Dass der Dichter abgeschnitten war von Gottes Augen, meint nicht den Moment, wo die Feinde kräftig gegen ihn gearbeitet haben und Gott nichts getan hat, sondern meint den Moment, als der Dichter erkannte, was er da eigentlich machte und dass er gerade von Gott eine doppelte Gnade erwartete.
Was Gott gegenüber aber heißt, dass man seine erste Gnade nicht wertschätzt und nicht ernst nimmt und darum eine zweite braucht.
Der Dichter fühlte sich fern von Gott, als er merkte, dass Gott ihn eigentlich in die Hände seiner Feinde übergeben könnte, weil der Dichter deren Wort ja mehr vertraute als Gottes Wort.
Schlusswort: Anrede an die Gemeinde.
Weil der ganze Text ja für den Gottesdienst konzipiert war, darum kommt jetzt zum Schluss noch die Anwendung für die Gemeinde.
Psalm 31,24–25 (ELB)
24Liebt den Herrn, alle seine Getreuen! Die Treuen behütet der Herr, doch er vergilt reichlich dem, der anmaßend handelt.
Und der, der anmaßend handelt, ist nicht etwa der Feind. Das Gericht über Gottes Feinde kommt in diesem Psalm überhaupt nicht vor. Sondern anmaßend handeln tut derjenige, der so tut, als wäre er gläubig an Gott, aber wenn es schwierig wird, hat er keinerlei Vertrauen dahingehend, dass Gott ihn ja ohnehin retten wird.
Oder, wie Paulus sagt: Dass alle Dinge zum Vorteil der Gläubigen sein müssen.
Und wer das nicht glaubt, sondern bei jeder Schwierigkeit vor Angst und Befürchtungen vergeht, den wird Gott in seinen Ängsten drin lassen. Misstrauen gegenüber Gott muss man ausbaden, dass sagt der Vers 24.
Die letzte Anweisung ist so, wie sie ist, weil Gott längst alles gemacht hat. Die feste Burg steht, das Böse ist besiegt, Gottes Zusagen liegen gedruckt vor.
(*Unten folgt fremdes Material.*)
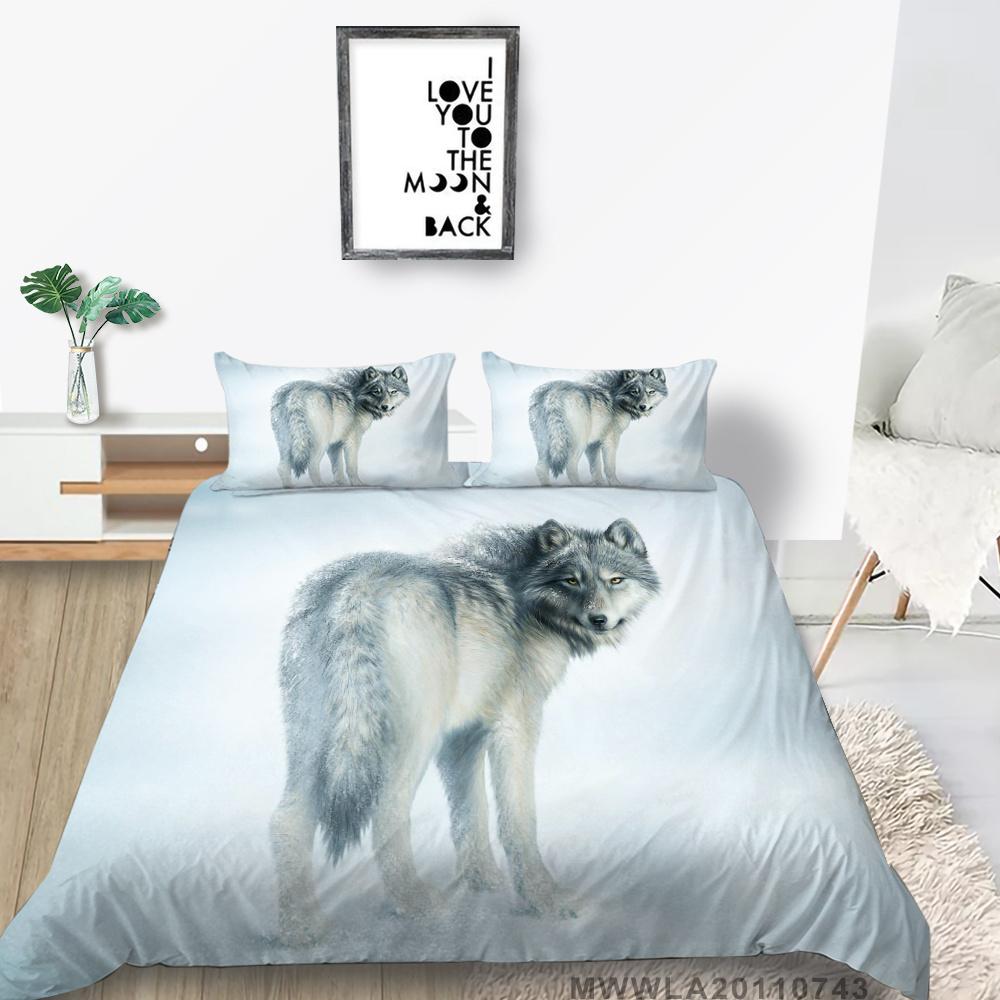 

2023 Новый стиль 3D Роскошный стиль 2/3 шт. Постельное белье Кровать Удобный комплект пододеяльников с принтом волка Домашний текстиль Полиэстер Подарок для мальчика EU Single 135x200cm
Gott kann jetzt nichts mehr machen.
Jetzt müssen wir etwas machen:
25Seid stark, und euer Herz fasse Mut, alle, die ihr auf den Herrn harrt!
Mehr bleibt uns nicht. Denn alles andere ist schon getan.
Selbst die Tür, Gott zu bitten, dass er uns hilft gegen Menschen oder Ängste oder das Schicksal, diese Tür steht uns eigentlich nicht mehr offen.
Das ist so wie bei dem Sturm auf dem See, wo Jesus sich wunderte, dass die Apostel ihn weckten und wo er ihren kleinen Glauben bemängelte.
Der Psalm 31 hat uns erzählt, wie Glauben nicht geht. Damit wir daraus ableiten können, wie Glaube geht.